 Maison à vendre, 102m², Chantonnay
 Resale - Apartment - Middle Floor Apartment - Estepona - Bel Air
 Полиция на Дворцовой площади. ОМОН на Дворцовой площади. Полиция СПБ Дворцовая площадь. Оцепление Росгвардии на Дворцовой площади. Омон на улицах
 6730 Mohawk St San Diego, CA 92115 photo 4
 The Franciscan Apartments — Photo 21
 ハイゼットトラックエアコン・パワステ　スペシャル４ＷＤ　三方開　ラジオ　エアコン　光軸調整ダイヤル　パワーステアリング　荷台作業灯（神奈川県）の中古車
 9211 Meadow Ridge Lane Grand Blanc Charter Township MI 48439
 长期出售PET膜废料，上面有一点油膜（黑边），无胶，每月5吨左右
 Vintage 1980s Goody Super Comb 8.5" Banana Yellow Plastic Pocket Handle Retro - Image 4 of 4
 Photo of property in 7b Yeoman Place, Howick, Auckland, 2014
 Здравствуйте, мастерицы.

---

### WORK ITEM
I'd like the lines above from the one with "Полиция на Дворцовой" up to and including the one with "The Franciscan Apartments — Photo 21" copied exactly, with no other lines.

### ANSWER TO THIS PROBLEM
 Полиция на Дворцовой площади. ОМОН на Дворцовой площади. Полиция СПБ Дворцовая площадь. Оцепление Росгвардии на Дворцовой площади. Омон на улицах
 6730 Mohawk St San Diego, CA 92115 photo 4
 The Franciscan Apartments — Photo 21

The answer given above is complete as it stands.